Afin d'éclairer le débat, qui s'est poursuivi au Conseil Ecofin formel du 7 octobre, la présidence française a demandé à la Commission de préparer un document de travail sur les avantages et les inconvénients des taux réduits, sur les conditions économiques qui doivent être réunies pour garantir leur efficacité et sur l'impact budgétaire de la proposition dans les États membres.

En dépit des engagements pris par le ministre allemand des finances, lors du Conseil économique et financier franco-allemand du 25 septembre suivant, de parvenir à un compromis sur le sujet, les discussions n'ont pas permis d'évolution notable.

La présidence française, qui a considéré la discussion générale close lors du Conseil Ecofin du 7 octobre, a décidé que le Conseil du 4 novembre prochain examinerait la proposition de la Commission.

Compte rendu sommaire du débat

M. Yves Pozzo di Borgo :

Il peut paraître curieux qu'un débat communautaire sur les taux réduits de TVA ait lieu en pleine crise financière.
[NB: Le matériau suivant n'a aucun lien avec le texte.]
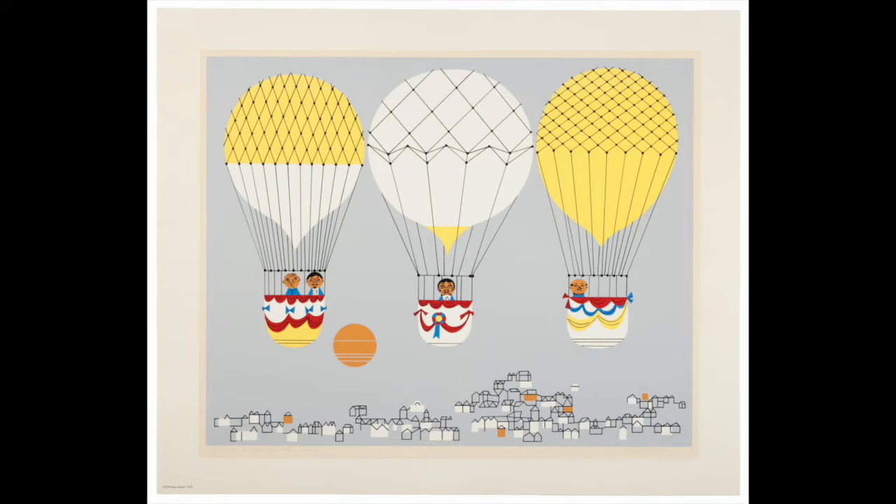The base of their balloon has red and white bunting with blue bows. The middle balloon is mostly white with a shock of yellow at the bottom. Only one man is inside, and he's wearing a white shirt with a blue coat and has a handlebar mustache. His balloon base has red bunting with a blue, red, and yellow ribbon. The balloon on the right is all yellow. The man riding in this balloon has a beard and just a little hair on the sides of his head, and his balloon has red, yellow, and blue bunting.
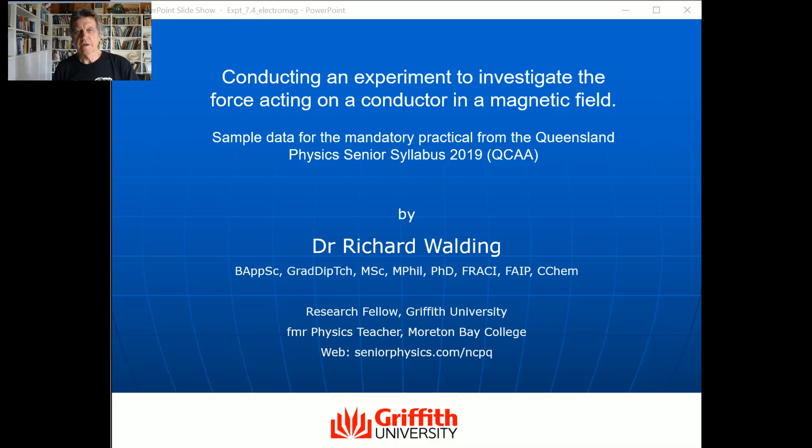Hello everyone, Richard Walling here. I'm just going to run through some of the sample data for a mandatory prac from the Queensland senior physics syllabus — the one where you have to investigate the force acting on a conductor in a magnetic field. I developed a little device that helps you do that, so I'll just run through it.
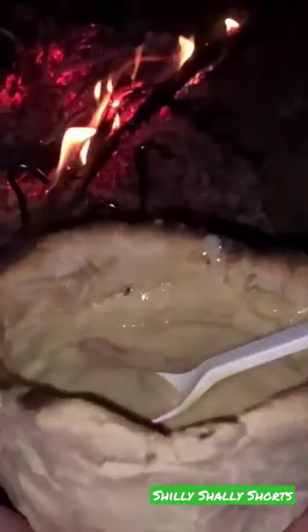take it off the cup, set it down, pour your soup into it, and now you have soup in a bread bowl.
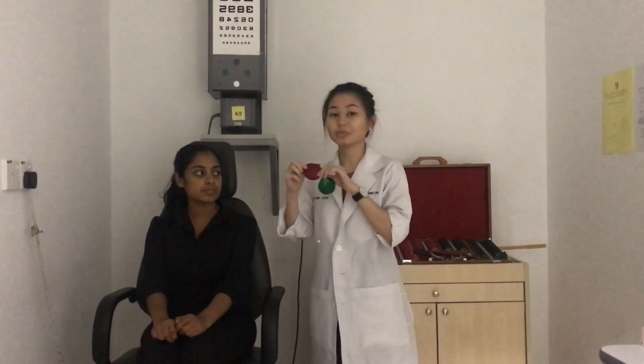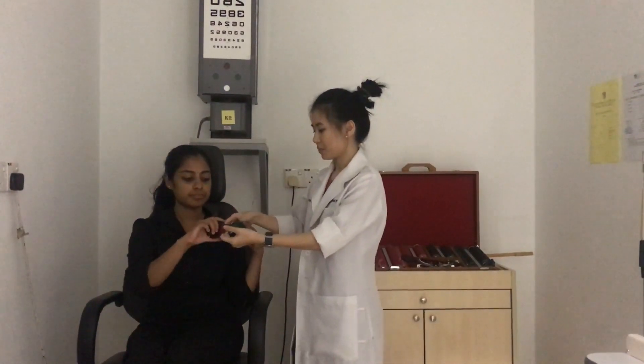Hi, I'm Patrin. I'm going to demonstrate the central suppression scotoma test. This test can only be done if the patient has normal flat fusion. First, make sure the room is dim. The patient needs to wear their refractive correction, then wear the red-green goggles over the correction — make sure the red filter is placed on the right eye and the green filter is placed on the left eye.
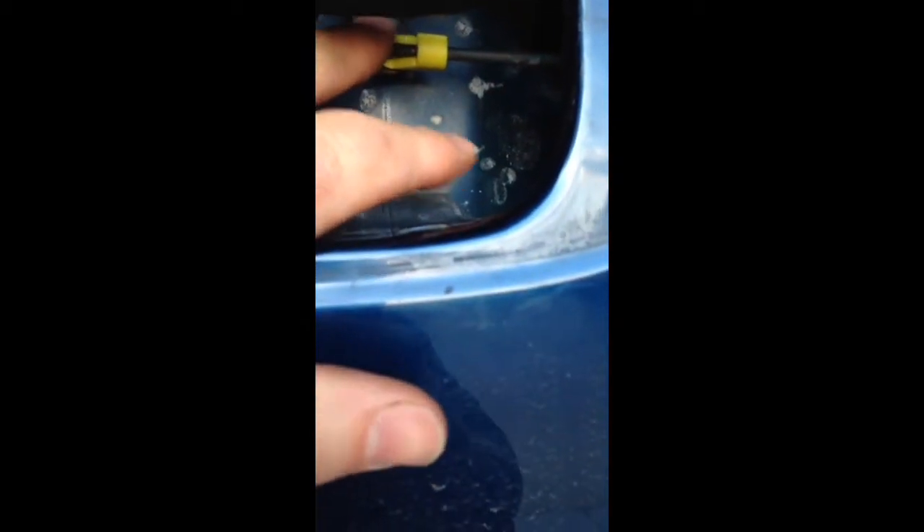It didn't go in there just perfect — I had to take a flathead screwdriver and a hammer and put a little multi-purpose grease around the back side of it here, and then I had to literally hammer the thing in, taking my flathead screwdriver and putting it here and there, and hammer the thing in.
En effet, il est probable que la nouvelle administration américaine issue des élections du mois de novembre présente un nouveau plan de relance au début de l'année prochaine et il n'est pas impossible que l'Europe adopte également un tel plan. Ces mesures se traduiront très certainement par un creusement des déficits budgétaires dans les États membres. Or, pour limiter l'ampleur de ces déficits, il faudra accroître les recettes fiscales, et notamment la TVA. C'est ce qu'Angela Merkel avait eu le courage de faire en Allemagne au début de son mandat. J'estime donc que ce débat sur les taux réduits de TVA intervient à contretemps.
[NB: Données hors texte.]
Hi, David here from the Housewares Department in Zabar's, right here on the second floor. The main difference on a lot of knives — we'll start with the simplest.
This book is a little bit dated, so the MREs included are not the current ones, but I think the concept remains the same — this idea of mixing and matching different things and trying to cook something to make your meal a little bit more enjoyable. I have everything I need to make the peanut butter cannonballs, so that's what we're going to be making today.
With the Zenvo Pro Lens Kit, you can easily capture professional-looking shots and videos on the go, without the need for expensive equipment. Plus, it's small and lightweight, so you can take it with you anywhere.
M. Jean-Claude Peyronnet :

Je trouve ces propos tout à fait réalistes.

M. Denis Badré :

Si l'on augmentait, en France, le taux de TVA normal de 3 points en le faisant passer de 19,6 % à 22,6 %, le surplus de recettes fiscales serait d'environ 18 milliards d'euros, ce qui représente d'ailleurs le montant de la contribution française au budget communautaire.

Pour autant, la pression sur les autorités françaises des professionnels de la restauration reste forte.

Néanmoins, il est peu probable, selon moi, que le Conseil Ecofin du 4 novembre prochain parvienne à adopter la proposition de directive que je viens d'exposer.

M. Hubert Haenel :

Je me demande si l'application de taux réduits de TVA à des services qui ne peuvent faire l'objet d'une concurrence internationale aurait été jugée conforme au principe de subsidiarité si l'examen des textes communautaires par les parlements nationaux au regard de ce principe avait existé à l'époque.